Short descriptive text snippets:
——————————
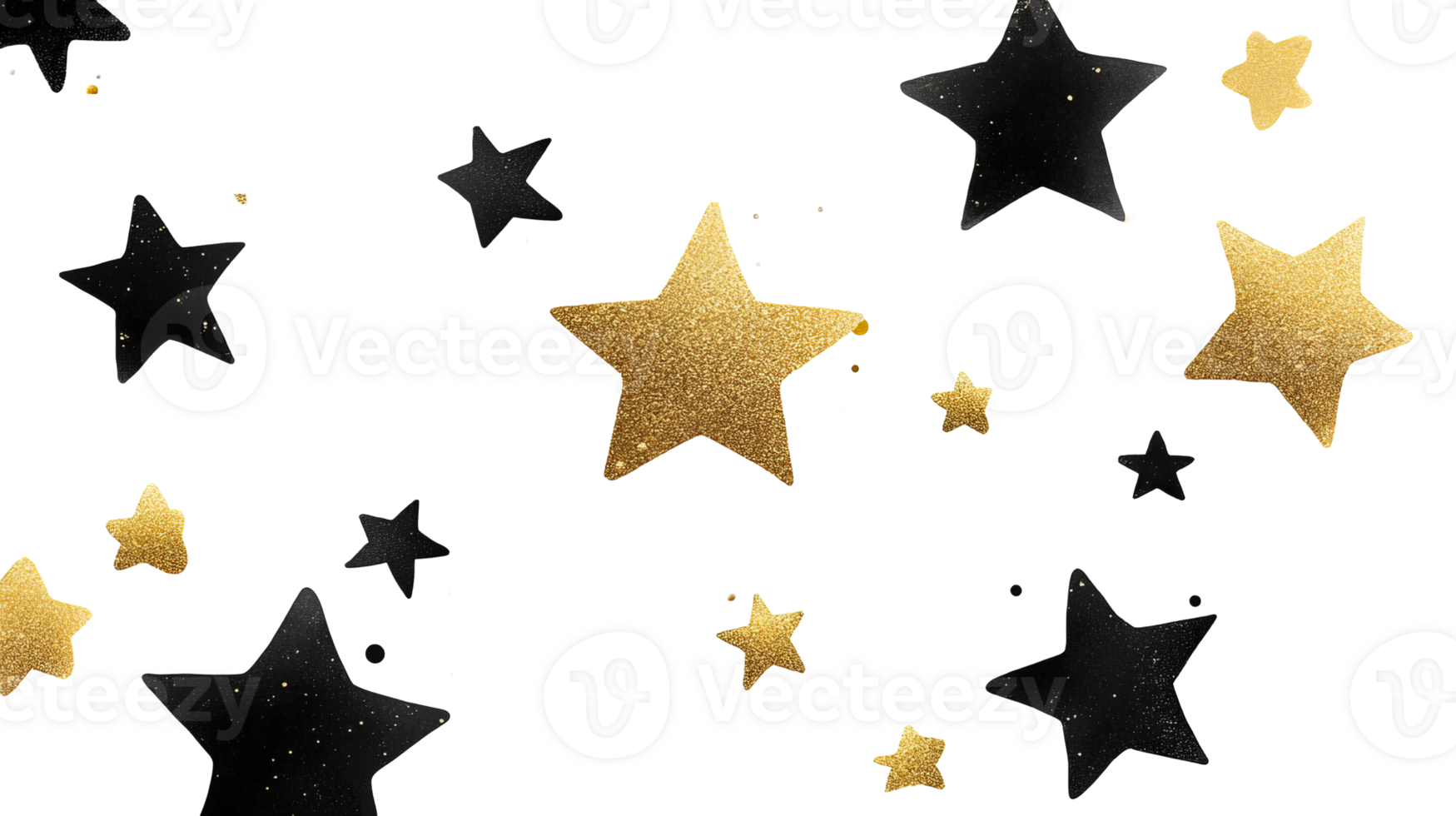 Golden and Black Glittering Stars on Transparent Background, cut out transparent png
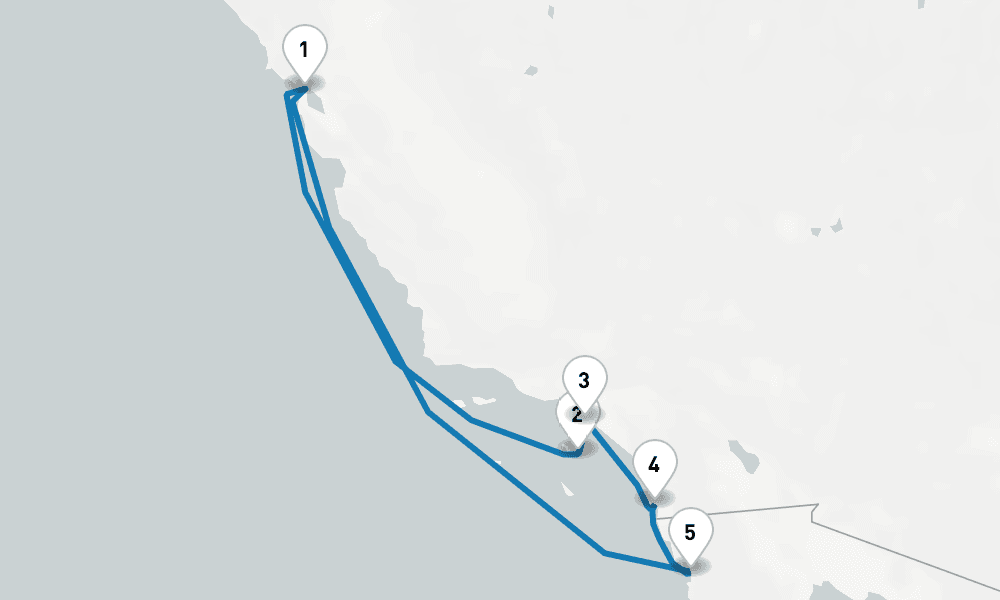 7 days, round-trip Classic California Coast 8日間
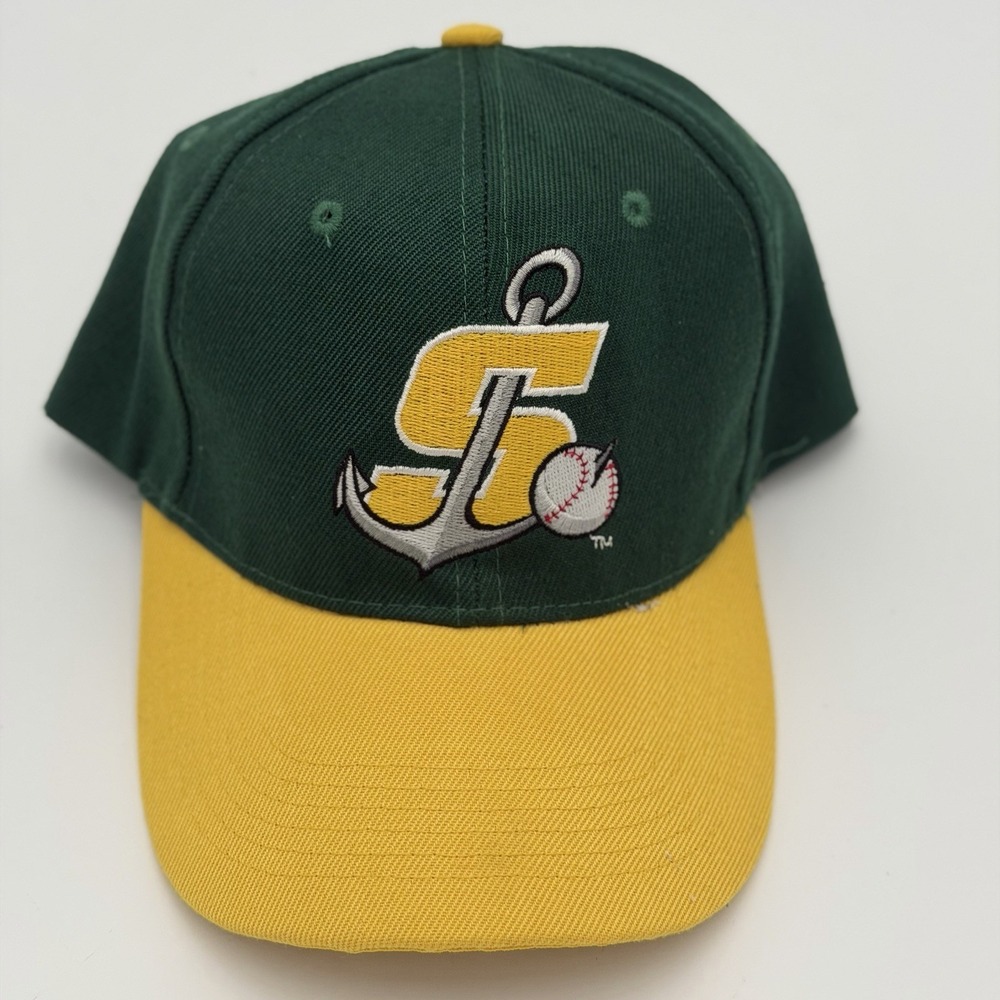 Baseball Cap League Hat One Size Green w Yellow "S" Anchor Promotional Adventure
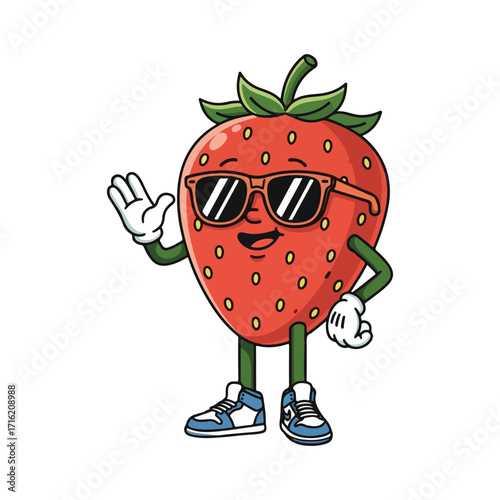 Strawberry cartoon character playing cricket isolated on white background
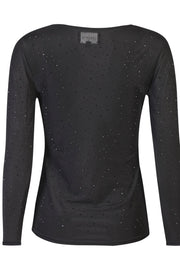 Mesh Ls Sparkle Tshirt | Black Black Diamond Dot | Bluse fra Liberté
——————————
## Work to complete
Every line of the data should be transcribed exactly. Omit the images.

## Written response
 Golden and Black Glittering Stars on Transparent Background, cut out transparent png
 7 days, round-trip Classic California Coast 8日間
 Baseball Cap League Hat One Size Green w Yellow "S" Anchor Promotional Adventure
 Strawberry cartoon character playing cricket isolated on white background
 Mesh Ls Sparkle Tshirt | Black Black Diamond Dot | Bluse fra Liberté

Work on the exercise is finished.